Tuesday, November 20, 2012

Let's Talk Turkey

I brine my turkey.  Apple cider vinegar (raw-unfiltered), black peppercorns, chicken broth, water and ice.  Turkey in a brine bag, bag in a large pot, pour brine over, make sure to cover completely. Let sit overnight.  Pat dry, rest at room temperature for a few hours, peel skin back, smear butter and herbs under skin, butter over skin with salt, pepper, paprika, garlic powder, then onion, carrot, celery and lemon in cavity, broth in bottom of roasting pan, cover with foil (remove foil for browning), roast with  probe, remove at 165 degrees and let sit.   Then have Michael decorate bird and platter with seasonal greens and flowers.  It's beautiful!

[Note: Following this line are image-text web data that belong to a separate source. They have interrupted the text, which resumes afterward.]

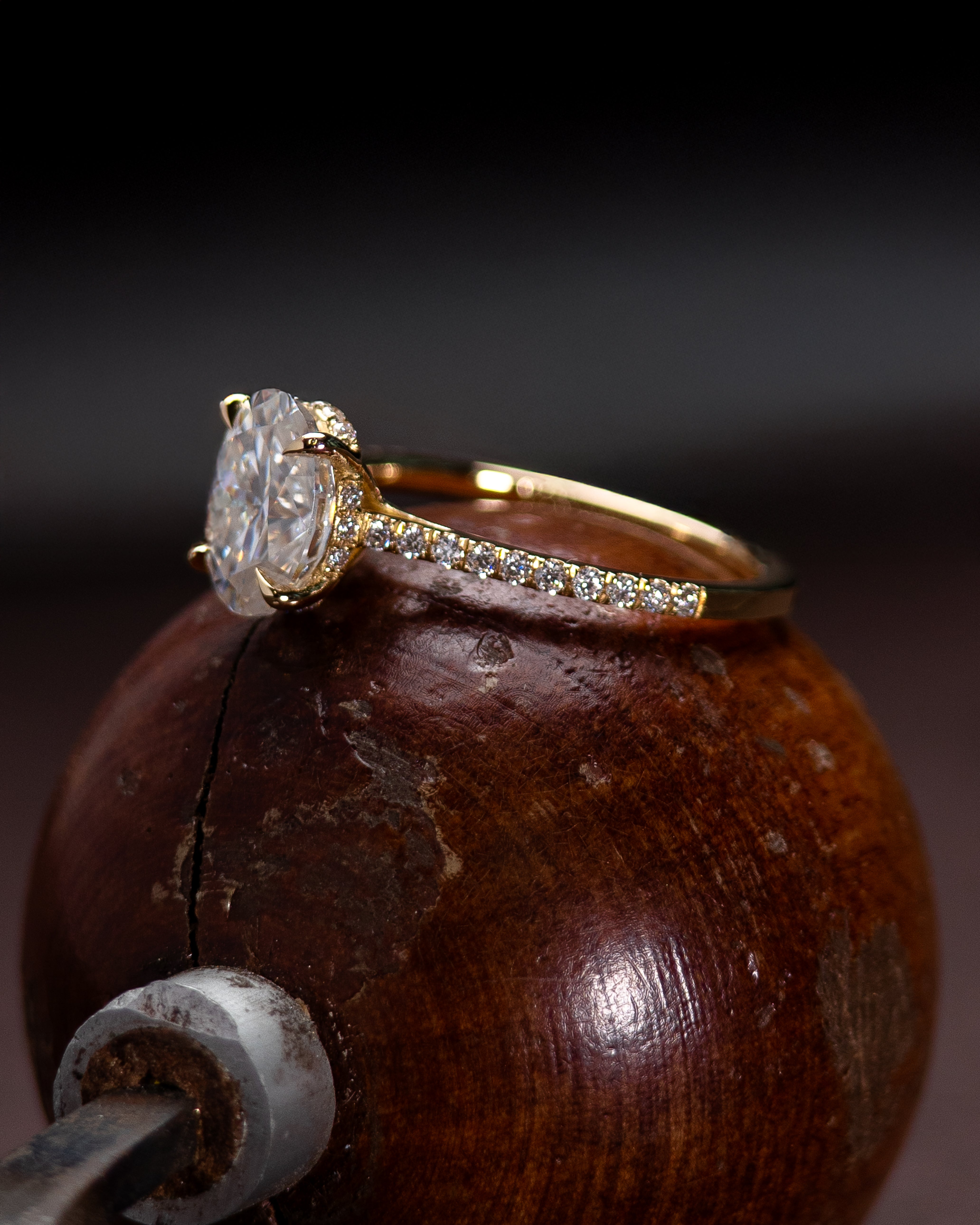 Anel de Noivado Oliva Moissanite 2 CT em Ouro 18K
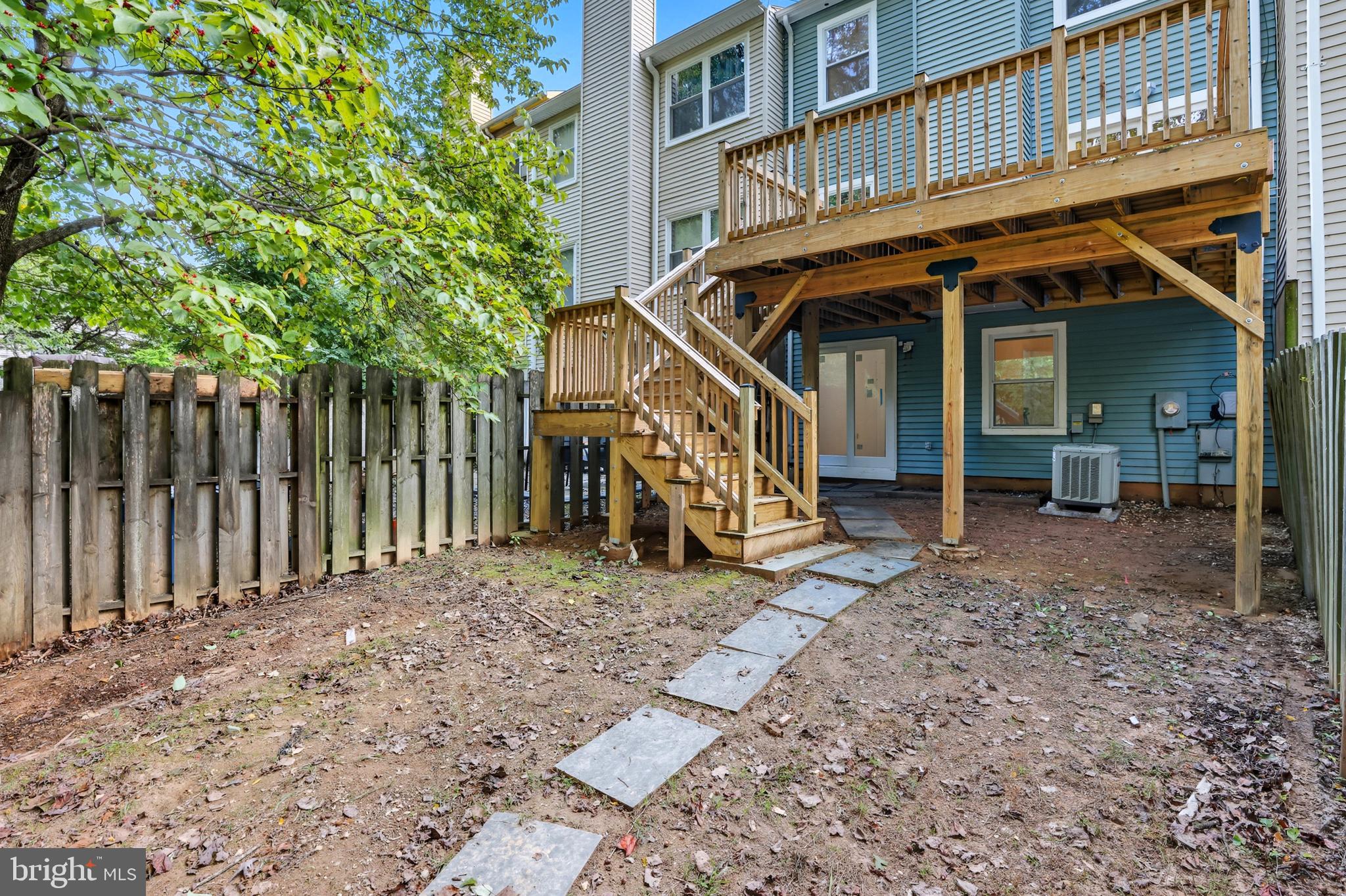 11553 SUMMER OAK DRIVE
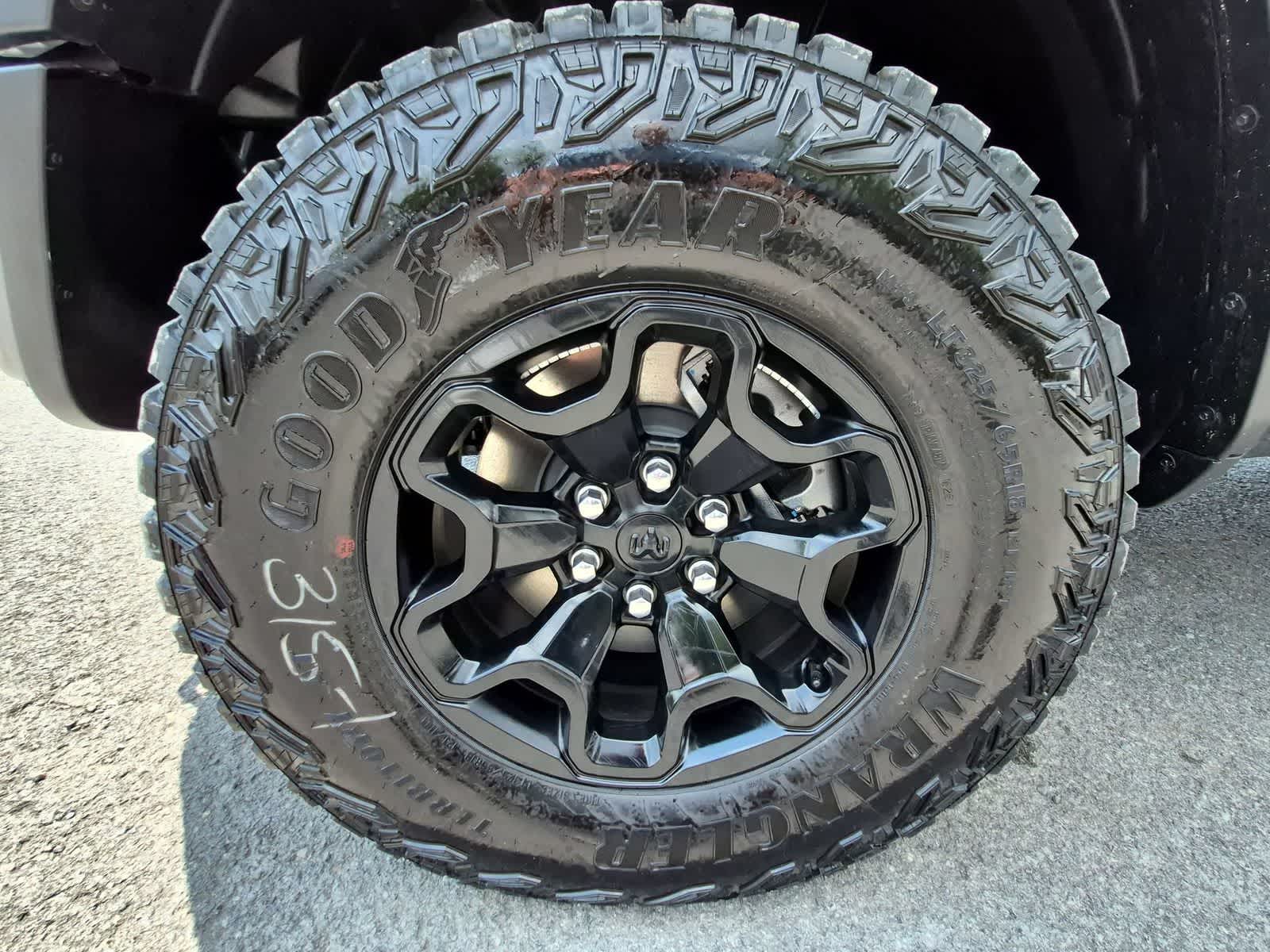 2026 RAM 1500 RAM 1500 RHO CREW CAB 4X4 5'7' BOX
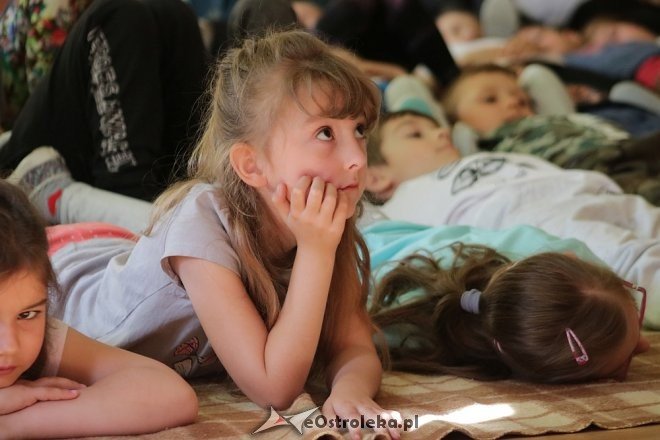 Edukacyjny spektakl w Krainie Misiów [24.04.2018] - zdjęcie #33 - eOstroleka.pl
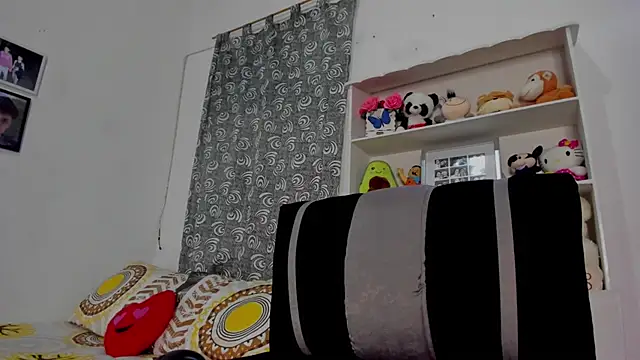 Snapshot of megan_100 chatting on November 9, 2025, 6:56 pm megan 100 online show from November 9, 2025, 6:56 pm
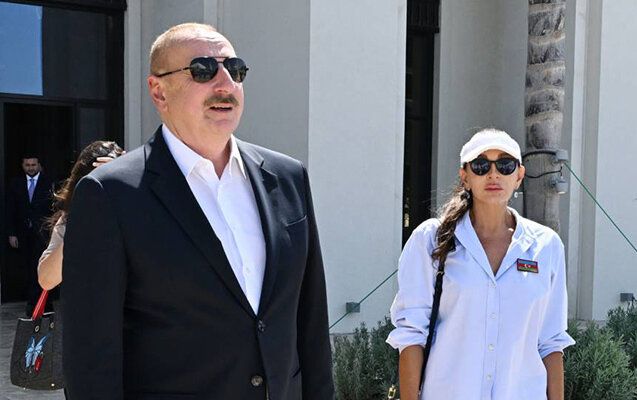 Prezident ailəsi ilə "Sea Breeze"dəki layihələrlə tanış oldu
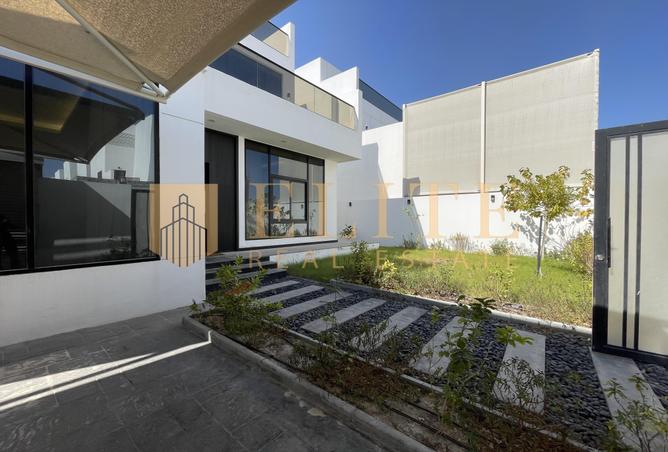 52501310 - Property Main Image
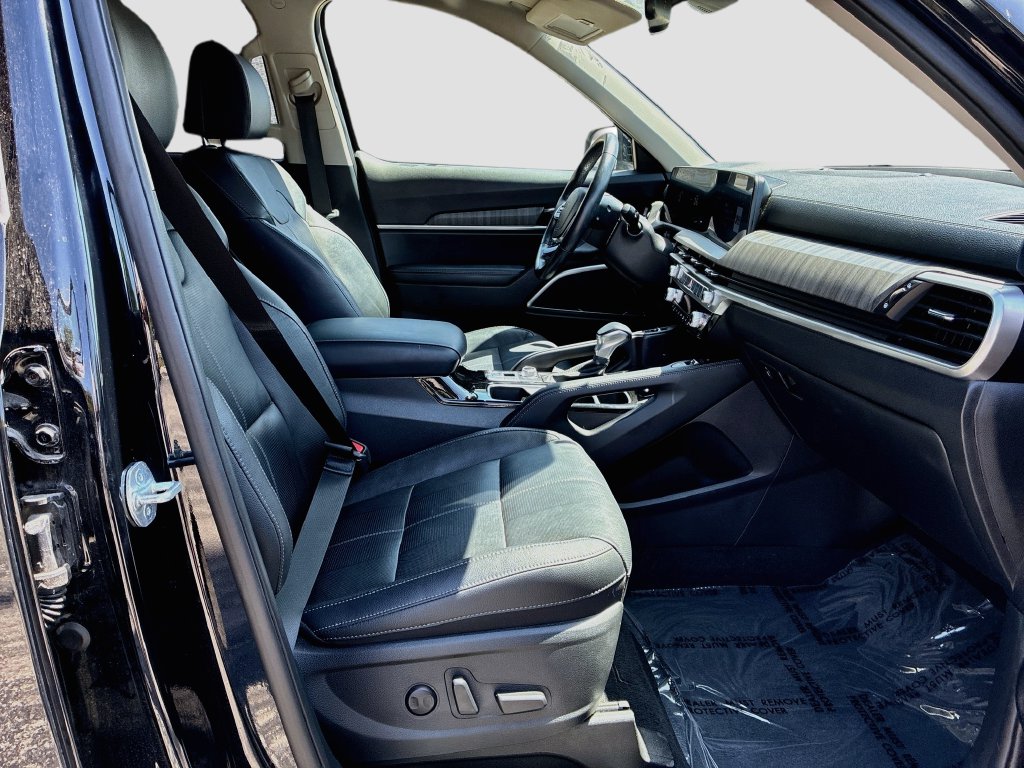 2024 Kia Telluride photo 31 of 35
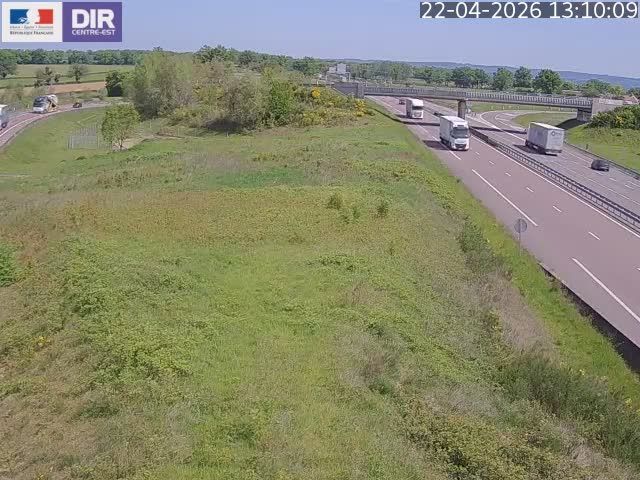 Saint-Léger-lès-Paray: Paray-le-Monial N79 PR13+407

This year our menu is:  Salmon marinated in fennel, olive oil and lemon; tomato, mozzarella and basil for appetizers. Turkey, of course, creamed spinach au gratin, mashed sweet potatoes with mini marshmallows, corn chowder with bacon (OMG), beets, cranberry sauce and gravy.  My mother in law is making stuffing with breakfast sausage that is heavenly.  Dessert is carrot cake (ala Silver Palate cookbook) and chocolate chip cookies. 

I will try for the first time, hot apple cider steeped with Earl Grey tea bags, wine, beer, etc...

All yummy and with fun company. Hope yours is groovy too!